Anthony Quinn starred as Thomas Jefferson Alcala, the long-term Hispanic mayor of a major but unidentified city in the Southwestern United States (location shooting was done in Albuquerque, New Mexico). Alcala's WASP deputy, Andy Hays, was portrayed by Mike Farrell.
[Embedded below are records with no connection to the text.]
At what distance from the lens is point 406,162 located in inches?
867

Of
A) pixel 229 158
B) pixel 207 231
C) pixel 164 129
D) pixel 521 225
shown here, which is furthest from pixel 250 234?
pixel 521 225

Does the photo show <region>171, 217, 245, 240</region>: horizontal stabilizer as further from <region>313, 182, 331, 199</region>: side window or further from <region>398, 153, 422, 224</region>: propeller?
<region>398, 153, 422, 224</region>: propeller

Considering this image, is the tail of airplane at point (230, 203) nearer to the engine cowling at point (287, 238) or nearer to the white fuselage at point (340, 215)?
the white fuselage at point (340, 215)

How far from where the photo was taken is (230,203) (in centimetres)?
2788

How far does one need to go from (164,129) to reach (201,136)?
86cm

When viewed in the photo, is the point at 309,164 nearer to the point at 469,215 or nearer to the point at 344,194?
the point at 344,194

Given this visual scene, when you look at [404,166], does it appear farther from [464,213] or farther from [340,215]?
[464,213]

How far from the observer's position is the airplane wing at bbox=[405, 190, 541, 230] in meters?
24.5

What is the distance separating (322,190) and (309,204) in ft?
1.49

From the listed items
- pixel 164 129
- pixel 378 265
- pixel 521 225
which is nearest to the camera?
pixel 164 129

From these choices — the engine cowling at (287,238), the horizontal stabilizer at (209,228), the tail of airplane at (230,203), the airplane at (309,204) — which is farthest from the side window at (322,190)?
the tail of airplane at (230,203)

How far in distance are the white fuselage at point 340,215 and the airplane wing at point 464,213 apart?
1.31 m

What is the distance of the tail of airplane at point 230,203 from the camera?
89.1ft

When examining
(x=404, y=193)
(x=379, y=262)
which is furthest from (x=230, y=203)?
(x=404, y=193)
Hays' main role was to make sure that the well-meaning Mayor Alcala did not become so engrossed in aiding individual constituents with their problems that he failed to address the issues facing the city as a whole.
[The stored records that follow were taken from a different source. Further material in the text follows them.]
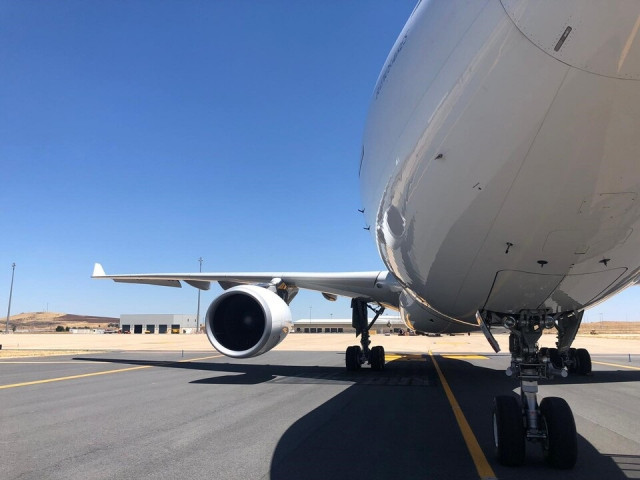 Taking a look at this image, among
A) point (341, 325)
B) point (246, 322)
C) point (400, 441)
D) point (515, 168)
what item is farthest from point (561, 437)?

Despite the vast talents of Quinn and the earnest Farrell, The Man and the City was a Nielsen ratings failure, finishing third in its Wednesday night time slot against the hit private eye show Mannix and the Rod Serling anthology series Night Gallery, and was cancelled at midseason.

==Cast==
- Anthony Quinn ... Thomas Jefferson Alcala
- Mike Farrell ... Andy Hayes
- Mala Powers ... Marian Crane
- Carmen Zapata ... Josefina

==Episodes==

| No. | Title | Directed by | Written by | Original release date |
|---|---|---|---|---|
| 1 | "Hands of Love" | Unknown | Unknown | September 15, 1971 |
| 2 | "100 Blank Pages" | Unknown | Unknown | September 22, 1971 |
| 3 | "I Should Have Let Him Die" | Unknown | Unknown | September 29, 1971 |
| 4 | "A Very Special Girl" | Unknown | Unknown | October 6, 1971 |
| 5 | "Reprisal" | Unknown | Unknown | October 13, 1971 |
| 6 | "Disaster on Turner Street" | Unknown | Unknown | October 20, 1971 |
| 7 | "The Handwriting on the Door" | Unknown | Unknown | October 27, 1971 |
| 8 | "Running Scared" | Unknown | Unknown | November 3, 1971 |
| 9 | "The Deadly Fountain" | Unknown | Unknown | November 10, 1971 |
| 10 | "Run for Daylight" | Unknown | Unknown | November 17, 1971 |
| 11 | "The Cross-Country Man" | Unknown | Unknown | December 1, 1971 |
| 12 | "Pipe Me a Loving Tune" | Unknown | Unknown | December 8, 1971 |
| 13 | "The Girls in Truck 7" | Unknown | Unknown | December 15, 1971 |
| 14 | "Jennifer" | Unknown | Unknown | December 29, 1971 |
| 15 | "Diagnosis: Corruption" | Unknown | Unknown | January 5, 1972 |

==Awards==
Daniel Petrie won a Directors Guild of America Award in 1972 for Outstanding Directorial Achievement in Dramatic Series - Night for the episode "Hands of Love." That same episode earned Petrie an Emmy nomination for Outstanding Directorial Achievement in Drama - A Single Program of a Series with Continuing Characters and/or Theme.